Records shown START

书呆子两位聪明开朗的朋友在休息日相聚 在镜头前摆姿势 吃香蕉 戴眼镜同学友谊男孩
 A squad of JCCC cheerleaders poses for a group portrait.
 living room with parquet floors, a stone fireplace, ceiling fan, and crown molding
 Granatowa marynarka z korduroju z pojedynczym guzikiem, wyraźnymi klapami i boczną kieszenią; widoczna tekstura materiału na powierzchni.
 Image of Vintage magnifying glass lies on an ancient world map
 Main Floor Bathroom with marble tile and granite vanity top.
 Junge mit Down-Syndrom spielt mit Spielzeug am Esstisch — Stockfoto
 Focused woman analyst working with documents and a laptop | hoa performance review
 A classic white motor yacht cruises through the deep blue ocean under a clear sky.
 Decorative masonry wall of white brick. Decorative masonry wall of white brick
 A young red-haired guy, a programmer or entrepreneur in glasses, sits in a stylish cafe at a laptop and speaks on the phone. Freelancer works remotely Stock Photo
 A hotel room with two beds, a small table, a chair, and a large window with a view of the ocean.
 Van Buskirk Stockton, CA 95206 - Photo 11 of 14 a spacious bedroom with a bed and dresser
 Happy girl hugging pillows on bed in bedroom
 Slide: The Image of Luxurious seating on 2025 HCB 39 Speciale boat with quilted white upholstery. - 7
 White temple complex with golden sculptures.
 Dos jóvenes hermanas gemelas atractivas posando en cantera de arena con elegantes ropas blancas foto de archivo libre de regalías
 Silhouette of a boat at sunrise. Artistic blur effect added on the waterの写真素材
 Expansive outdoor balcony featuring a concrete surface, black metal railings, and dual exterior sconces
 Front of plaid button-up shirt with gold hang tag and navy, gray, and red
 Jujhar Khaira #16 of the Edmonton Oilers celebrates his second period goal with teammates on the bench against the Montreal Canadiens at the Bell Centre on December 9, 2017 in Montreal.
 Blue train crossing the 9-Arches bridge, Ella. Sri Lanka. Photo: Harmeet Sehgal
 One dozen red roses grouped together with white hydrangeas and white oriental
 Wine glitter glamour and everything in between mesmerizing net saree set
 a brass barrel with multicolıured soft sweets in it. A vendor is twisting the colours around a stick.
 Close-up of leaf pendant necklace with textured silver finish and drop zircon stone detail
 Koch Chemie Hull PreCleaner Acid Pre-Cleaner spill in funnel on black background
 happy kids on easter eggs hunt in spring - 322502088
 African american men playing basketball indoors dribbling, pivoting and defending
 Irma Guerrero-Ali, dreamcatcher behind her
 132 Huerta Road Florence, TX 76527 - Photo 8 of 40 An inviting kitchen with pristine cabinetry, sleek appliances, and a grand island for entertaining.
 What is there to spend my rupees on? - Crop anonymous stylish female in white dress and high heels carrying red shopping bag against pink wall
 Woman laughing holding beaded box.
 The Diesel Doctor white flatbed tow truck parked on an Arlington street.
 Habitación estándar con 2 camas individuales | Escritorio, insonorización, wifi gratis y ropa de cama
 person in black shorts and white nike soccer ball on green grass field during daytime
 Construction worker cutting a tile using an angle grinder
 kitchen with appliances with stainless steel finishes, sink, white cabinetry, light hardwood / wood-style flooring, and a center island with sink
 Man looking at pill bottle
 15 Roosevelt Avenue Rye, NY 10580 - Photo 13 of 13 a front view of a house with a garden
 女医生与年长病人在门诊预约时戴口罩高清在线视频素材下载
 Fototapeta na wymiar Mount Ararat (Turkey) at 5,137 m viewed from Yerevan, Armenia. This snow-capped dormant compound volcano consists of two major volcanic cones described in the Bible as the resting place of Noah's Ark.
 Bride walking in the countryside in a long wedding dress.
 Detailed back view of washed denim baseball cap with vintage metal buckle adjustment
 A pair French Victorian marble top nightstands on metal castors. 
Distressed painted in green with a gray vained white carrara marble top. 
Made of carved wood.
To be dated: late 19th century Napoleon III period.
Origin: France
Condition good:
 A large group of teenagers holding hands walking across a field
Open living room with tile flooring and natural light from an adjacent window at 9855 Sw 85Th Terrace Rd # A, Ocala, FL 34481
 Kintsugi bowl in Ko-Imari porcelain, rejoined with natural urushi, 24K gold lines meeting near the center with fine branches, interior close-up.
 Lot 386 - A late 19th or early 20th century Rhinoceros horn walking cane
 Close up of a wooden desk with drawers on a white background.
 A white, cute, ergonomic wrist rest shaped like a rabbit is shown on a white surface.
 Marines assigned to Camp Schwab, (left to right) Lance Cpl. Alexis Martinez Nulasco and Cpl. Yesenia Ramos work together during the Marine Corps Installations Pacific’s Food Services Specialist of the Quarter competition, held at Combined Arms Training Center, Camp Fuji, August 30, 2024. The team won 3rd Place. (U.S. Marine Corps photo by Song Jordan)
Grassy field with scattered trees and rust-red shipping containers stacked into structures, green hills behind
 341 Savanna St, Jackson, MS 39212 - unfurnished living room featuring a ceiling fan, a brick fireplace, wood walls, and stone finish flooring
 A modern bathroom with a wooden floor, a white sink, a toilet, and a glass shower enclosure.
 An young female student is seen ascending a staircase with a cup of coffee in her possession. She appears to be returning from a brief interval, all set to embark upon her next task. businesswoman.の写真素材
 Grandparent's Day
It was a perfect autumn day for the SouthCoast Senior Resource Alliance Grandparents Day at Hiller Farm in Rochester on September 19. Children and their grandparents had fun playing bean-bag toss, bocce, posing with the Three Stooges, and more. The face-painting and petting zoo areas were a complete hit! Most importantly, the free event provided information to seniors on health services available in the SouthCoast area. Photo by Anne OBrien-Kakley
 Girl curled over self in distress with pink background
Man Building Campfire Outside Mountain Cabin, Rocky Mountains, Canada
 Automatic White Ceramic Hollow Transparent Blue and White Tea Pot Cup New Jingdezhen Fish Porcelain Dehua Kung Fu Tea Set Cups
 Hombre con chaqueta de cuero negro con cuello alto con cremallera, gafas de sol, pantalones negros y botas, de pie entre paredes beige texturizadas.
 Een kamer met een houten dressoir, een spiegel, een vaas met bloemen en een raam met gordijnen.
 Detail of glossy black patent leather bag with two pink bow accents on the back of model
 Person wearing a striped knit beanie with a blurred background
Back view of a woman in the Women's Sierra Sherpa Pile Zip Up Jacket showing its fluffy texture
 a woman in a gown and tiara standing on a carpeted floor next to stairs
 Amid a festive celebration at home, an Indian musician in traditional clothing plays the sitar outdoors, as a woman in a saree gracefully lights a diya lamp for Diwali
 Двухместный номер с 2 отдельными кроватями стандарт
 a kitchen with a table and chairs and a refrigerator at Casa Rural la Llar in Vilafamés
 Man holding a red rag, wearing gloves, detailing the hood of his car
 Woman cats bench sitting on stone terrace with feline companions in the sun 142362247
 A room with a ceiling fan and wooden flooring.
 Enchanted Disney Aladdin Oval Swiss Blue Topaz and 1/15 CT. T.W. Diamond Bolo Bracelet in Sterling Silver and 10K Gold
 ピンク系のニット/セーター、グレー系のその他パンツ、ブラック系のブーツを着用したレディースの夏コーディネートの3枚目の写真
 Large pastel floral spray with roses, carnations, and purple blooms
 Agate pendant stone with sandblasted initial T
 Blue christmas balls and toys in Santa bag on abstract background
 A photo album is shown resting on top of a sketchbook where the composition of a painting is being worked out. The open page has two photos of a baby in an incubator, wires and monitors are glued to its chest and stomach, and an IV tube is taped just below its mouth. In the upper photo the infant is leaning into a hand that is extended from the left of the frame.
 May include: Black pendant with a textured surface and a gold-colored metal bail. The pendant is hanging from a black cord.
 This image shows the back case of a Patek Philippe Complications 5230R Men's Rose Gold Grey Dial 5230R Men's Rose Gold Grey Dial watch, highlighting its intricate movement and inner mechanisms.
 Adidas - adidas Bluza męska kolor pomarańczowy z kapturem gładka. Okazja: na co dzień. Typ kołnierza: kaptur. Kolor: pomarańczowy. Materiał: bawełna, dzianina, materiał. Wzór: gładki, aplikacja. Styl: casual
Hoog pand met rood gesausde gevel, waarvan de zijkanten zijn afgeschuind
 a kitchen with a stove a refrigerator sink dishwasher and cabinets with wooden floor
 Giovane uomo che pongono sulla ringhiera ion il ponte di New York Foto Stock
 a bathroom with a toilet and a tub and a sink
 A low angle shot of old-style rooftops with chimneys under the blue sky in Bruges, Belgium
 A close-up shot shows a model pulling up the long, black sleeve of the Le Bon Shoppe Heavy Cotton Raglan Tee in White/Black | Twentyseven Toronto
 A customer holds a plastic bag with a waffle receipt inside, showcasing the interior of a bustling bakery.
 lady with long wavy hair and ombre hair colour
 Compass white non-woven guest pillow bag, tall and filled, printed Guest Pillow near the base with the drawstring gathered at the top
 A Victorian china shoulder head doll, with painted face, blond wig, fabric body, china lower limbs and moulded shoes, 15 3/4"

Records shown END

Assignment: For the lines above, output exactly those from the line containing "Girl curled over" through the line containing "Een kamer met", and skip the others.

Response below:
 Girl curled over self in distress with pink background
Man Building Campfire Outside Mountain Cabin, Rocky Mountains, Canada
 Automatic White Ceramic Hollow Transparent Blue and White Tea Pot Cup New Jingdezhen Fish Porcelain Dehua Kung Fu Tea Set Cups
 Hombre con chaqueta de cuero negro con cuello alto con cremallera, gafas de sol, pantalones negros y botas, de pie entre paredes beige texturizadas.
 Een kamer met een houten dressoir, een spiegel, een vaas met bloemen en een raam met gordijnen.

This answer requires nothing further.